(Beginning of RECORDED DATA)

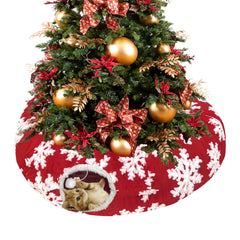 LUCKITTY Christmas snowflake cat tunnel under tree side view with plush ball distraction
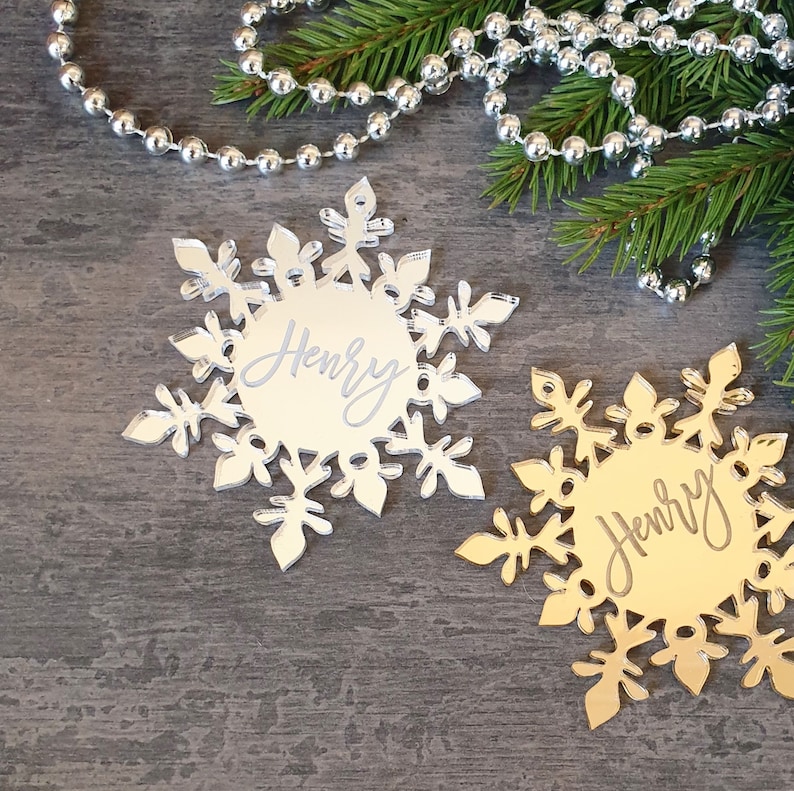 Custom Engraved Snowflake Decoration Hanging Christmas decorations Custom Christmas ornament gold Personalized Christmas Decor image 4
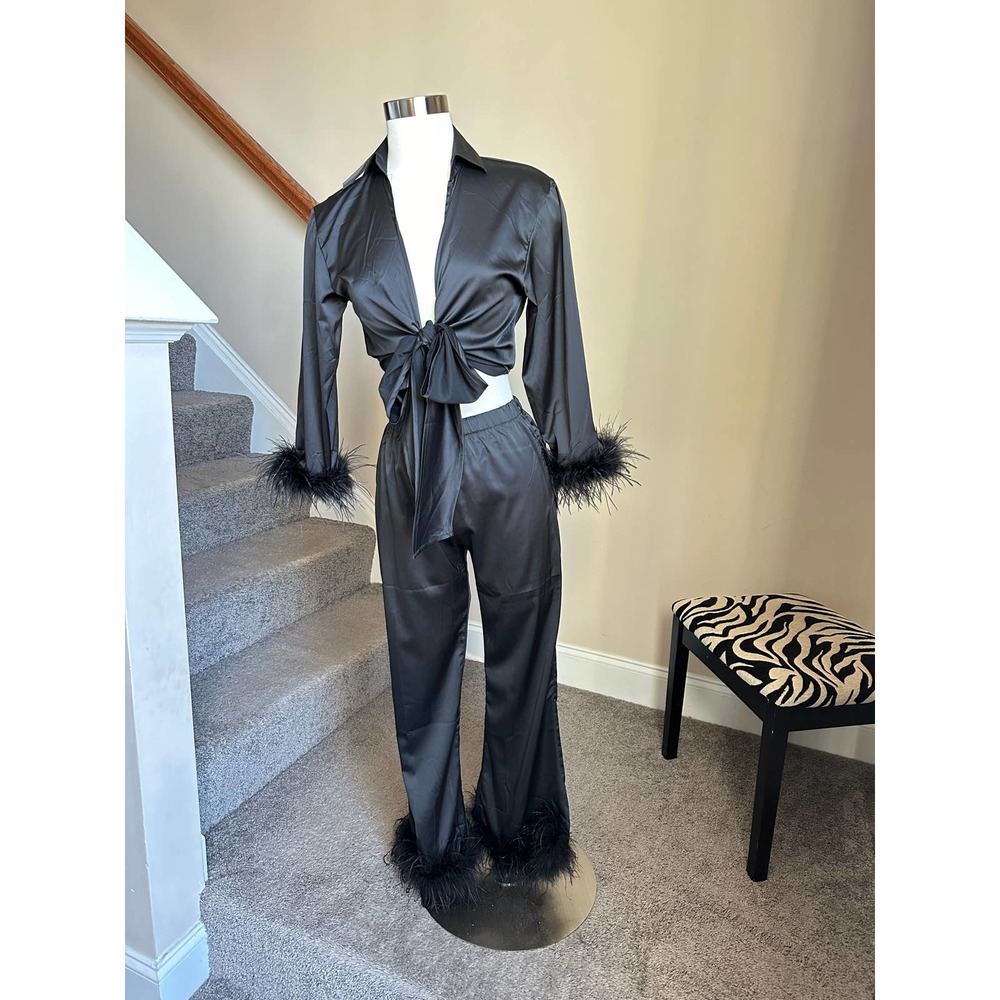 Black satin feather trim top and feather trim pants set (2 pcs) size small NWT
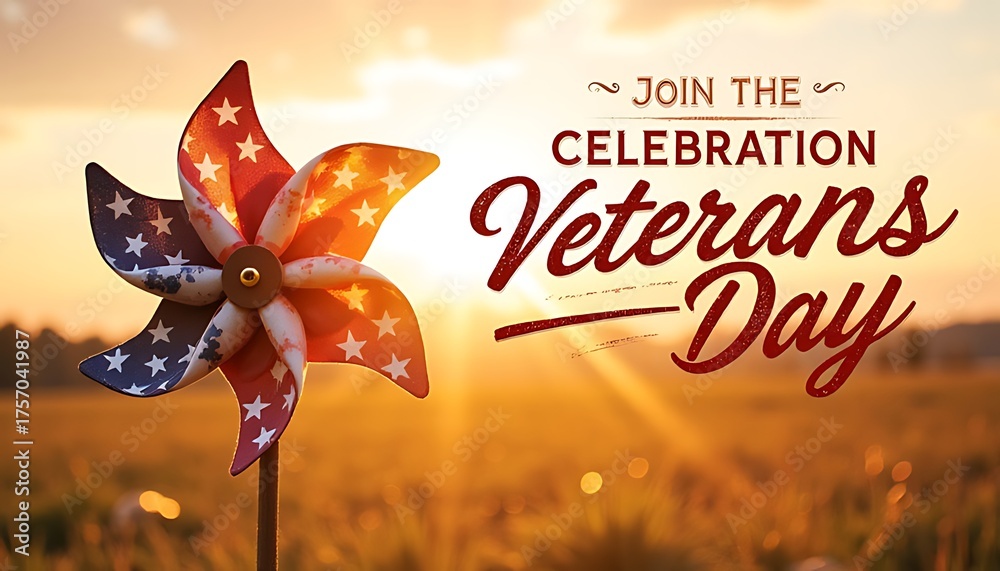 Naklejka premium Veterans day celebration with pinwheel and sunset background in a field
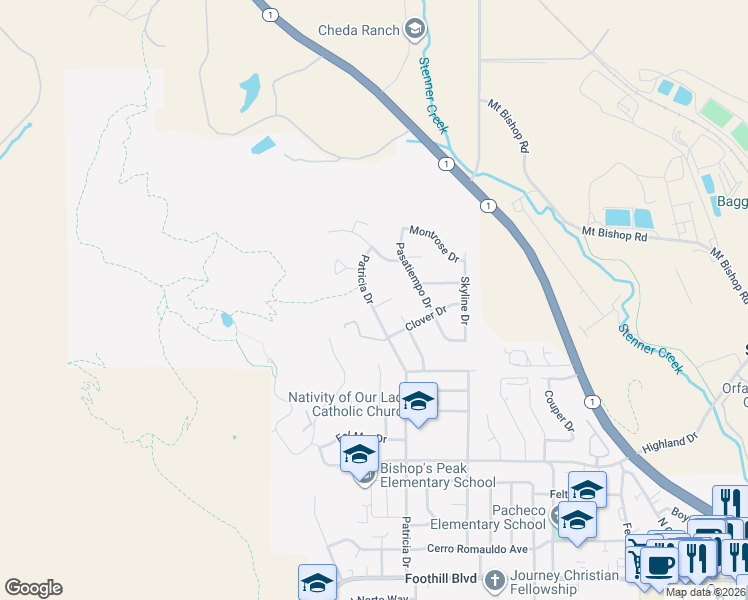 map of restaurants, bars, coffee shops, grocery stores, and more near 841 Patricia Drive in San Luis Obispo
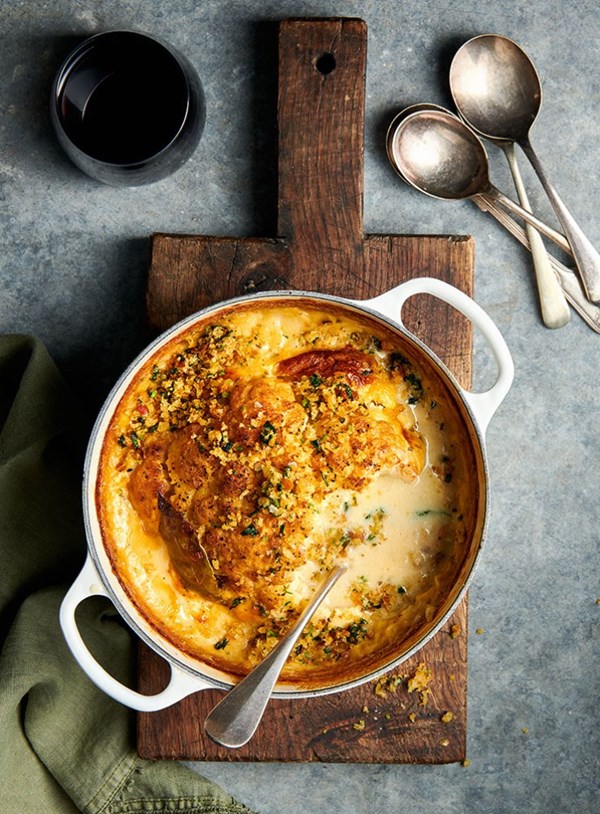Whole roasted cauliflower and potato soup with crisp garlic and parsley crumbs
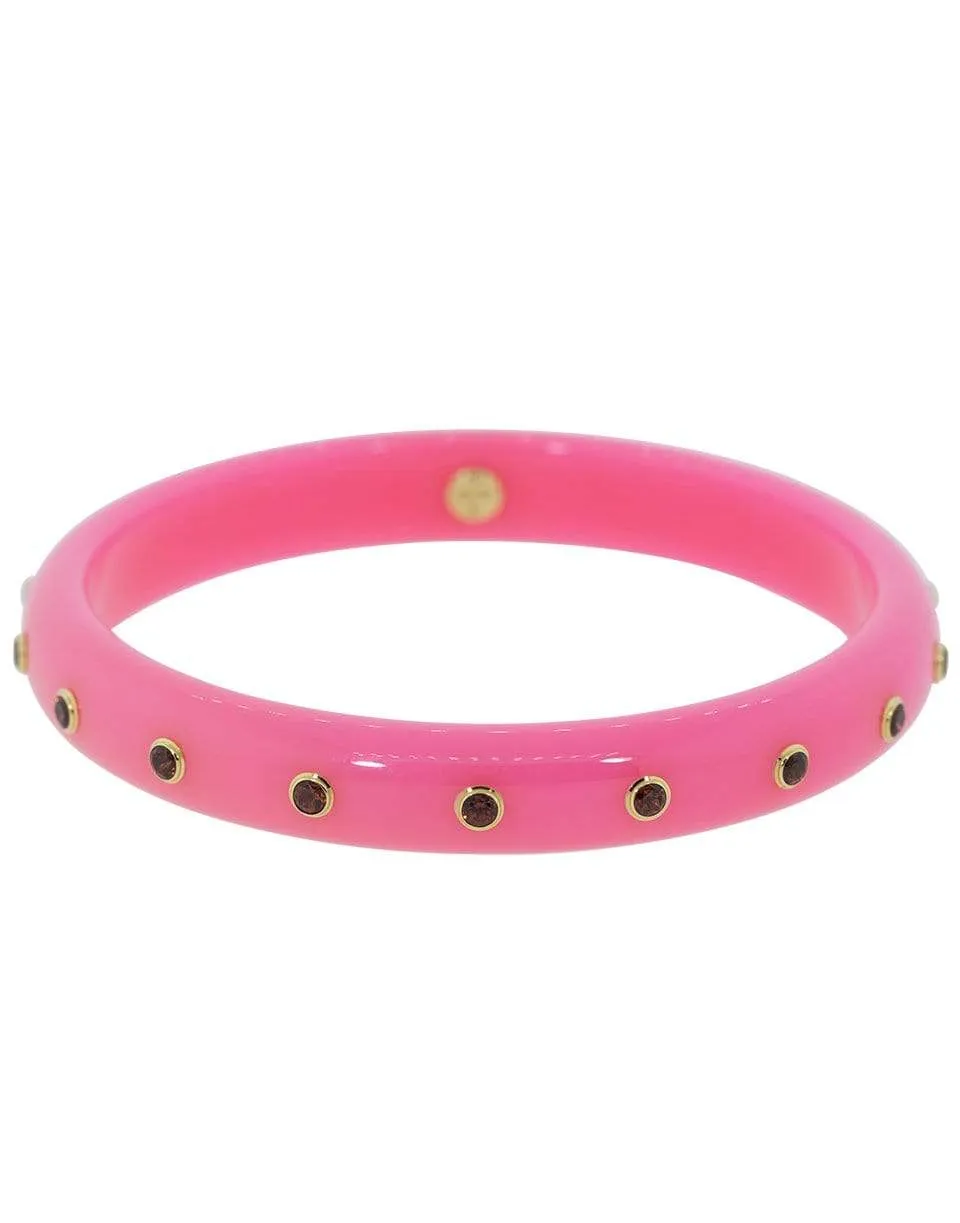 Pink Bakelite and Garnet Bangle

(End of RECORDED DATA)

Skip the pictures and copy exactly the lines from the one containing "Naklejka premium Veterans" through the end of the material, both ends included.

RESULT ::
 Naklejka premium Veterans day celebration with pinwheel and sunset background in a field
 map of restaurants, bars, coffee shops, grocery stores, and more near 841 Patricia Drive in San Luis Obispo
Whole roasted cauliflower and potato soup with crisp garlic and parsley crumbs
 Pink Bakelite and Garnet Bangle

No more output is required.